The issue of decentralization has been argued as a “false decentralization.” A large enough group of people verifying blockchain transactions does form a quasi-centralized entity. Those people are the miners, who validate the blocks in the public ledger and assign the blocks their unique codes, or hashes.
This argument is directly related to the 51% majority issue that plagues newer cryptocurrencies but becomes less of a problem over time.
Another issue that has been put forth is that the benefits of cryptocurrency either are not realistic or more efficient than traditional fiat currency.
An electronic transfer of funds for a real currency can occur in minutes. In contrast, many of the first cryptocurrency projects can take hours.
Some of the older crypto projects also require a lot of computational power, leading to high electrical consumption levels. Critics argue that this is an inefficient use of earth’s resources.
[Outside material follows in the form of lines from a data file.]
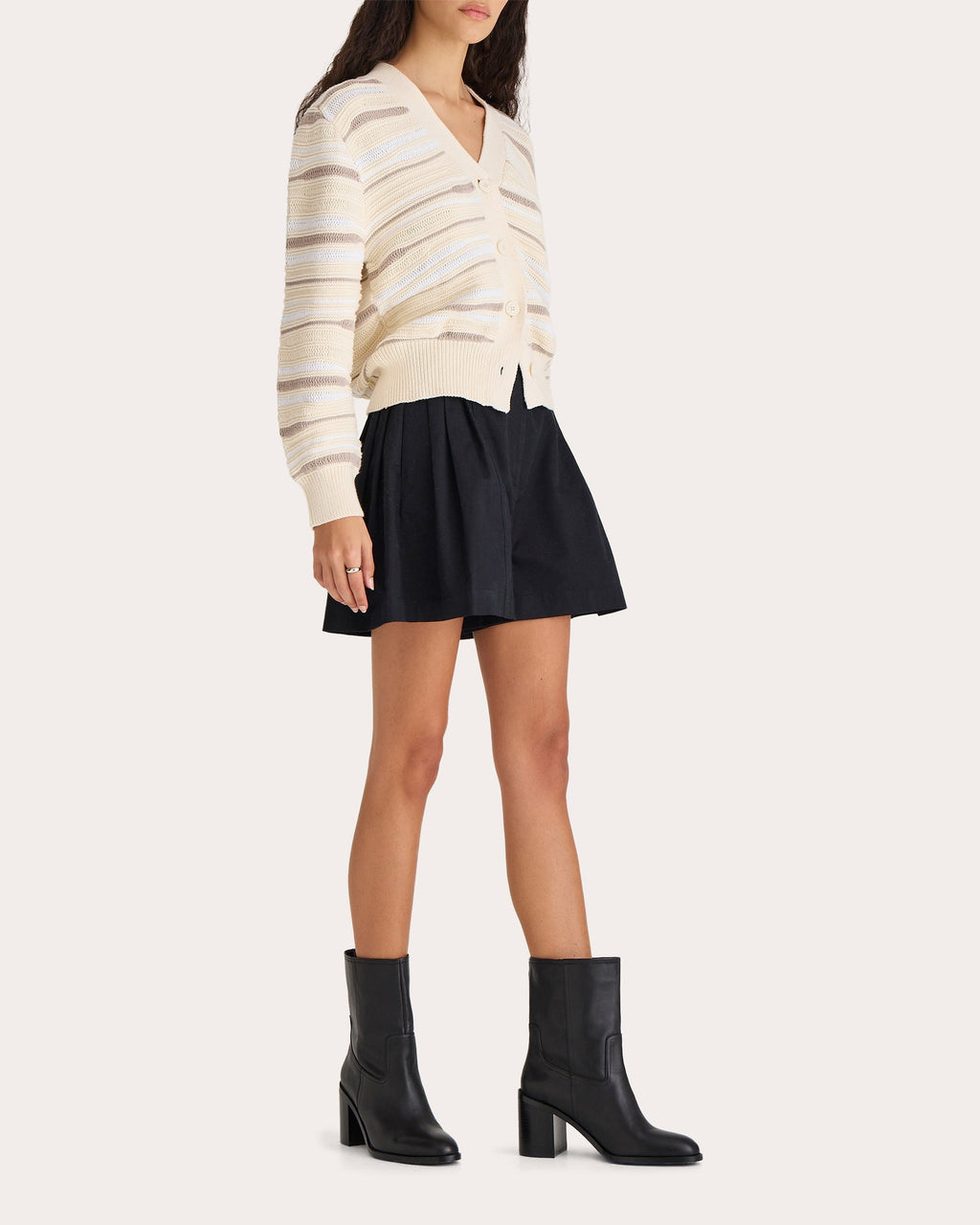 Aluna Intarsia Knit Cotton Cardigan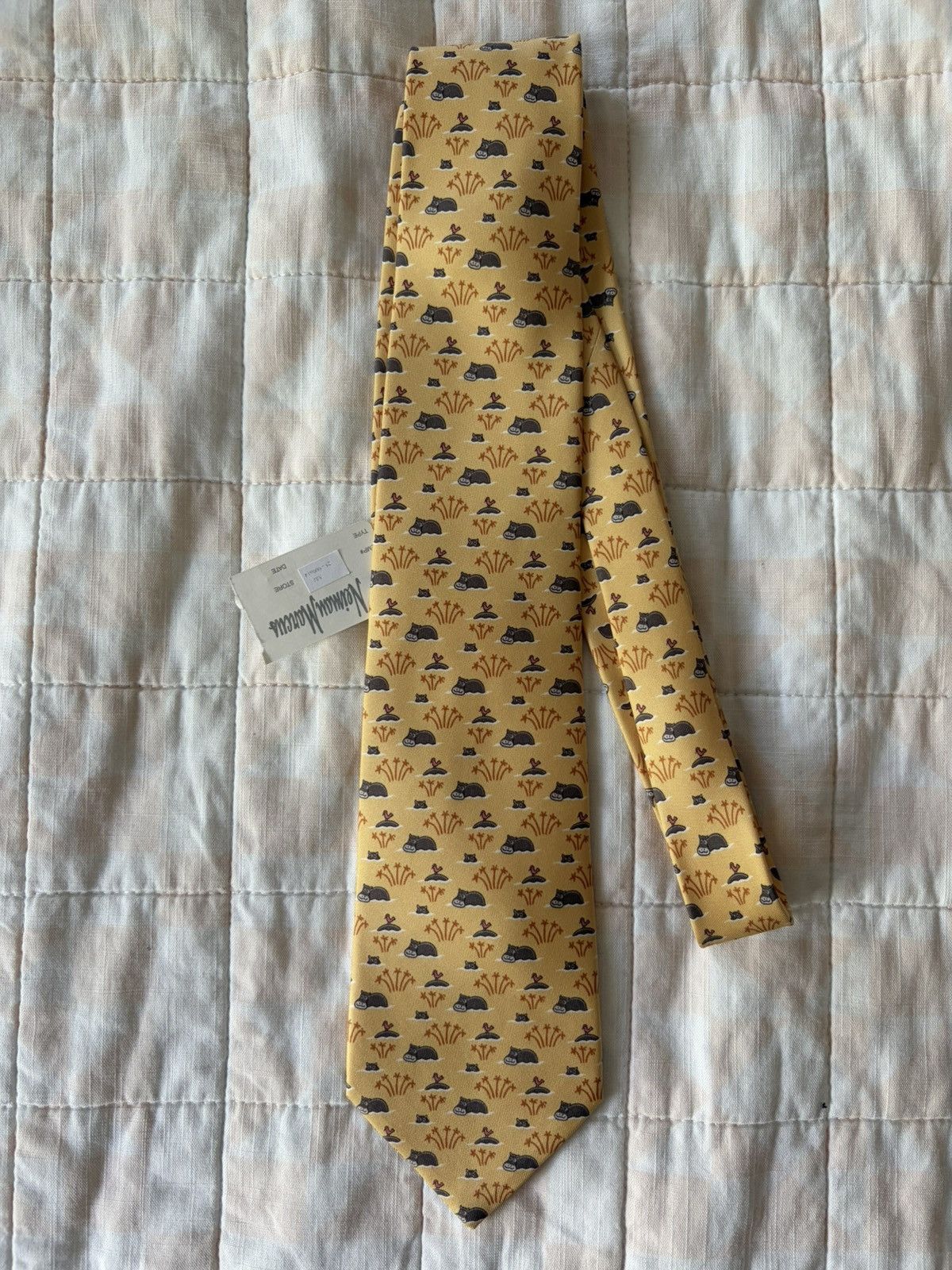 Hermes Hermès Paris Hippo Silk Tie 521 SA Made in France NWT Size ONE SIZE - 1 Thumbnail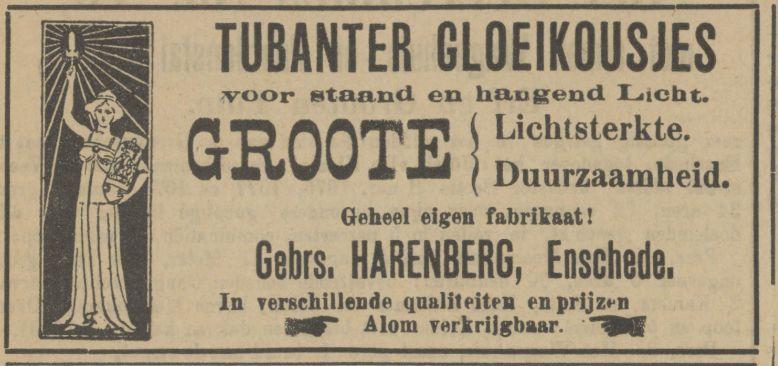Lasonderpad Gebrs. Harenberg Tubanter Gloeikousjes advertentie Tubantia 23-4-1912.jpg
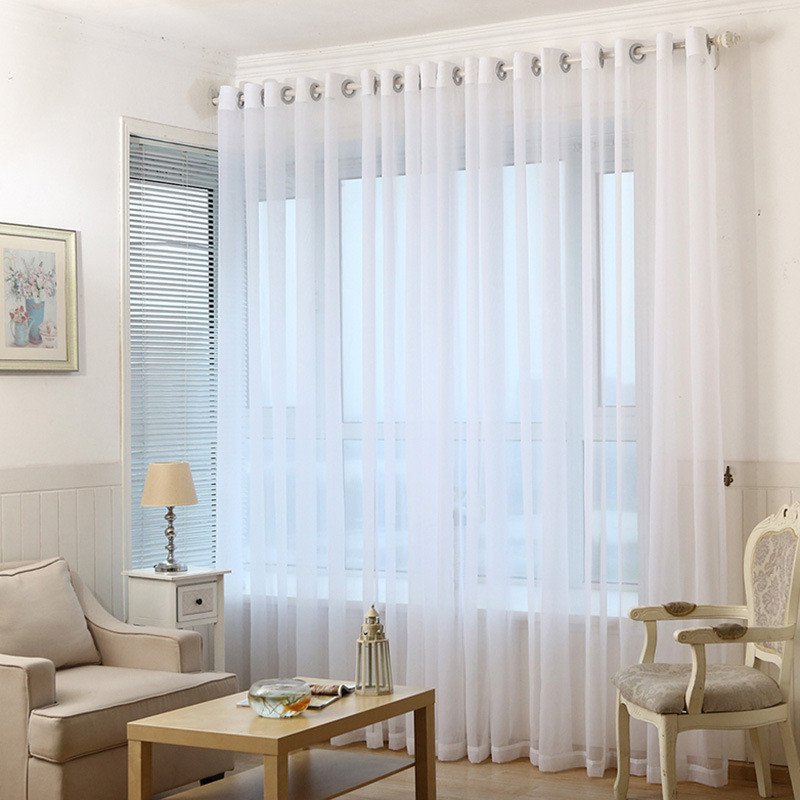 Simple Solid Color Chiffon Window Screen Curtain Mesh Curtains Perforated Transparent Hotel Bedroom Curtain [Thermal Transfer Material]]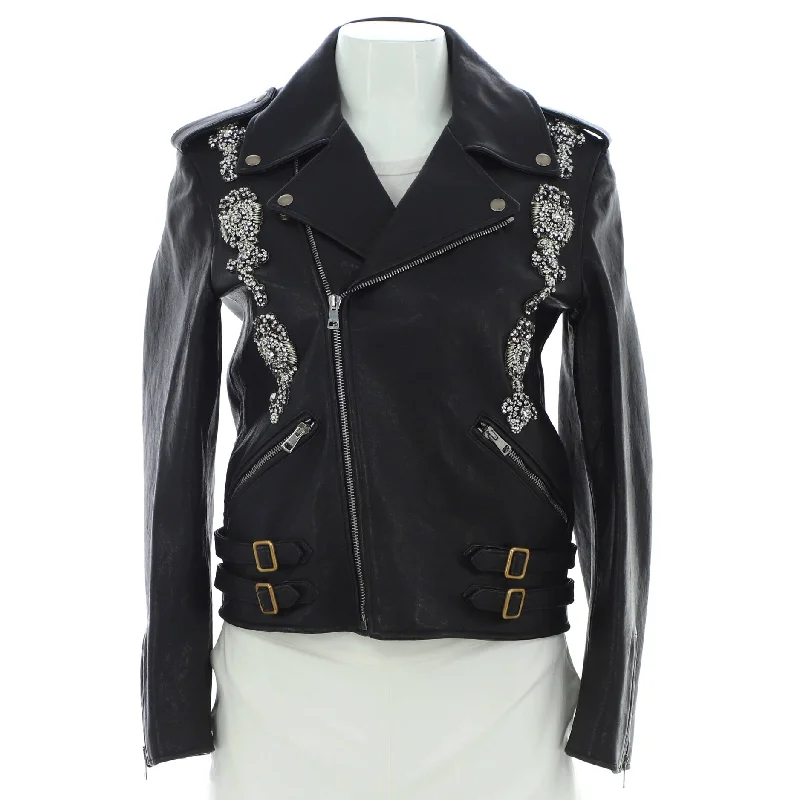 women's coats for rainy weatherWomen's Biker Jacket Leather with Crystal Embellished Details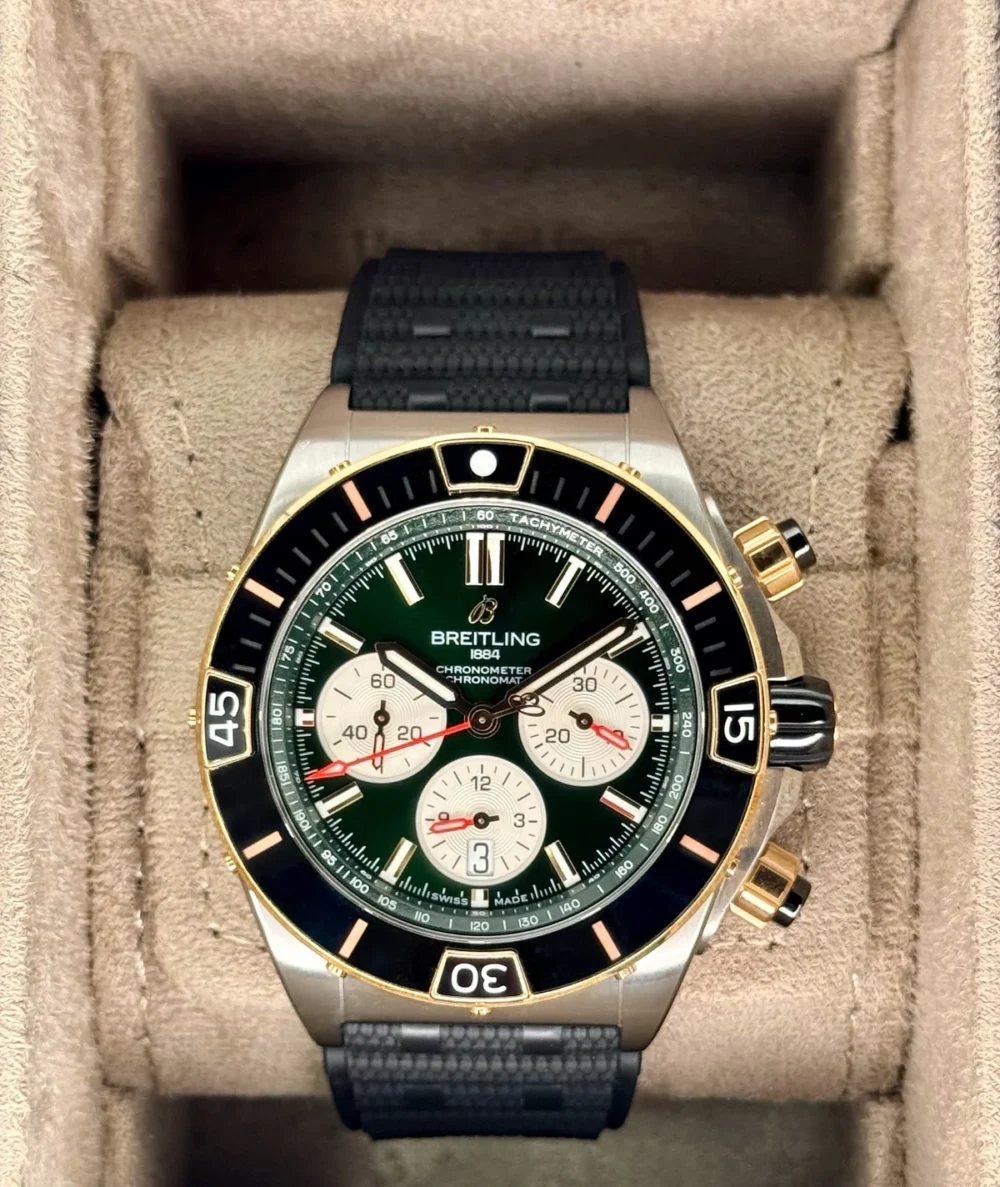 2024 Breitling Super Chronomat B01 44 UB0136 Two-Tone Green Dial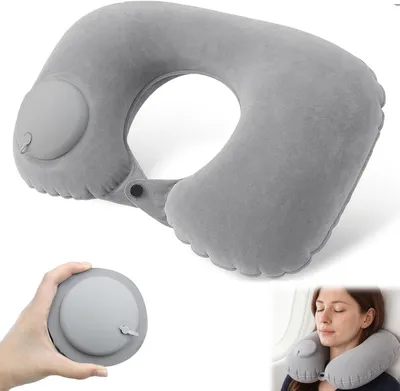 Produktbild von Aufblasbares Nackenkissen ergonomisch, kompakt, leicht, für unterwegs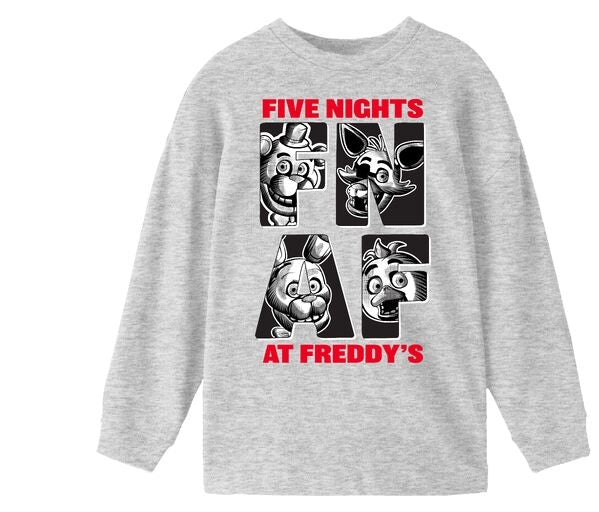 Five Nights At Freddy’s Character Art Boy’s 3-Pack Crew Neck Long Sleeve Shirts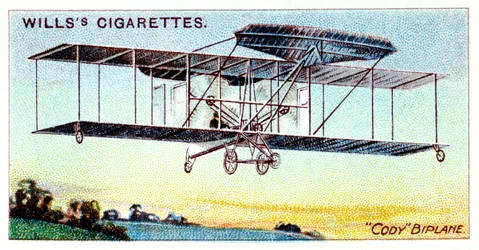 Samuel Franklin Cody, in Amerika geboren Britse vliegenier, vliegende Cody Biplane ca. 1909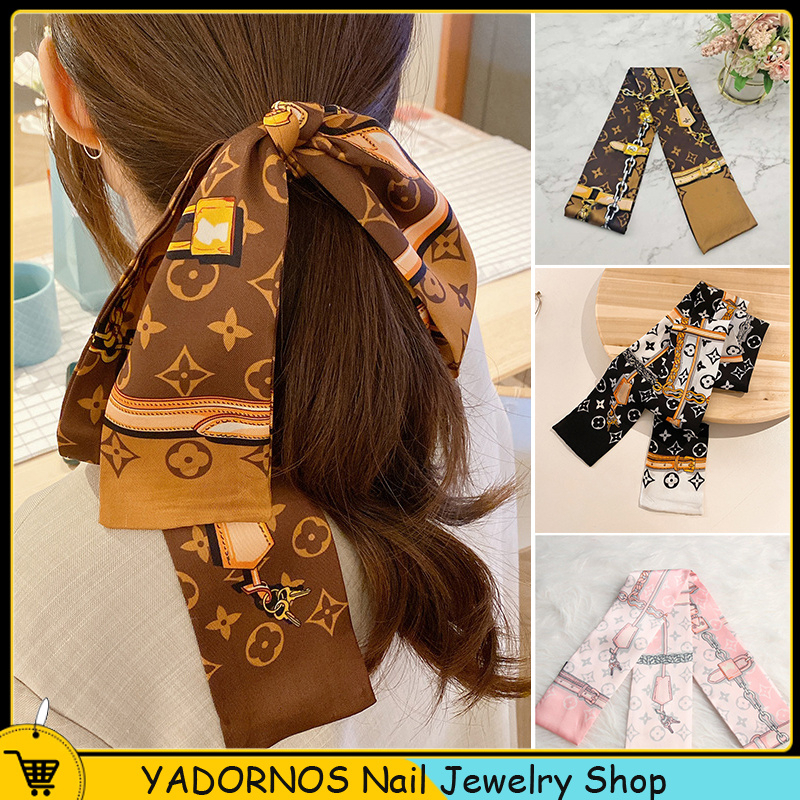 YADORNOS New Tarot LV chic scarf spring and autumn headband Korean wild tie bag handle ribbon twilly scarf/L\'V neckerchief.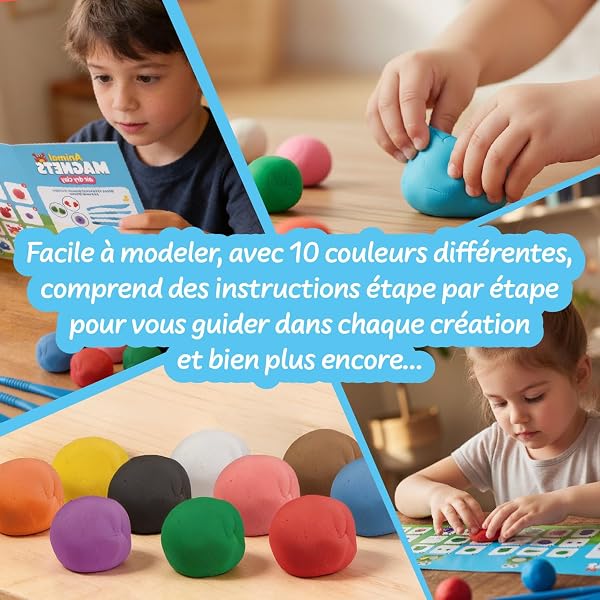 Science4you Kit D'Animaux Magnétiques pour Enfants 4+ - Créez aimants pour réfrigérateur avec de la pâte à modeler qui sèche à l'air, avec 10 couleurs, STEAM, cadeau pour garçons & filles 5 6 7+ - 5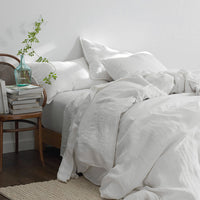 Premium Breathable Washed Linen Solid Flat Bed Sheet - White, Twin/Twin XL,White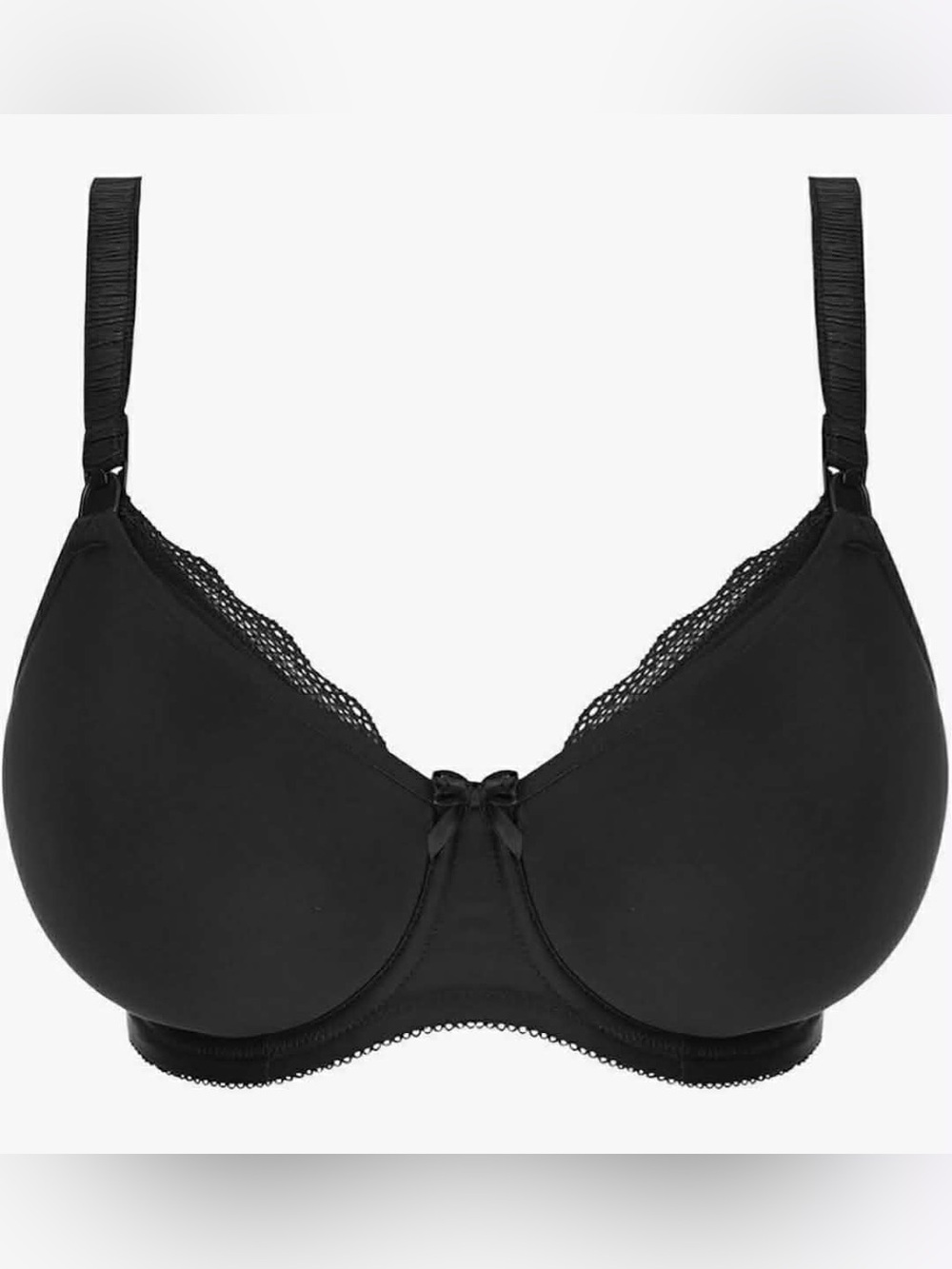 Freya Pure Uw Molded Nursing Black Lace-Trim Bra size 32G NWT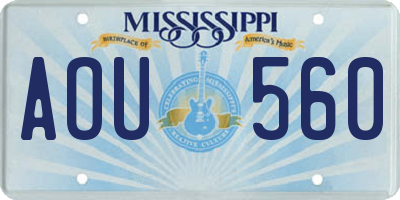 MS license plate AOU560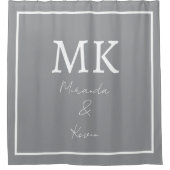 Monogrammen Grijs Wit Stijlvol Modern Minimalistis Douchegordijn (Voorkant)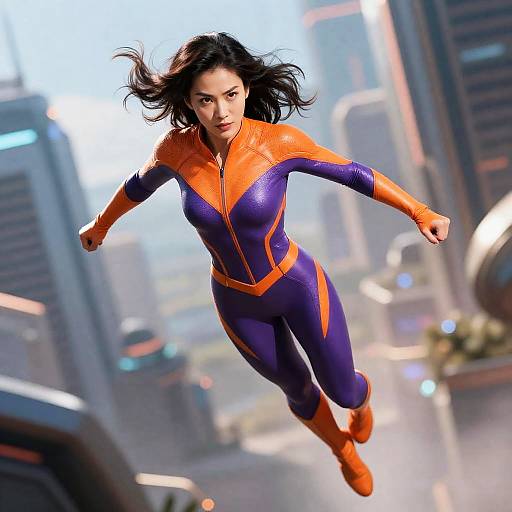 Fierce Asian Superhero Flying Portrait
Recent developments have begun to work around the shortcomings of transaction times and energy consumption as add-ons to the established cryptos and new projects that do not contain the identified inefficiencies.
An interesting observation is that cryptocurrency isn’t really a currency due to its price volatility. Money must be a good store of value.
Some merchants or vendors may allow purchases for goods and services in crypto. They would need to adjust the real-world price being charged in tandem with the market value of whatever cryptocurrency is being used.
They argue that the point of any currency is to represent a relatively stable value. As adoption grows, the price should become more stable. Some cryptocurrencies are pegged to the value of a fiat currency like TrustTokens. Other projects are one-for-one representations of assets like gold and Tezos.
Cryptocurrency is a way for us to make electronic peer-to-peer transfers without the risk of a single entity gaining too much power over the monetary system.
The merits of cryptocurrencies are still in its early days. Early adopters and enthusiasts will continue to sing cryptocurrency’s praises. Pundits will continue to measure this new financial tool against established currencies and real money. The average consumer must decide when’s the right time to test how cryptocurrency fits into their lives.
As blockchain technology continues to mature, and the useful blockchains surface into the mainstream, the point of cryptocurrency and its place in your financial toolbox will inevitably become apparent.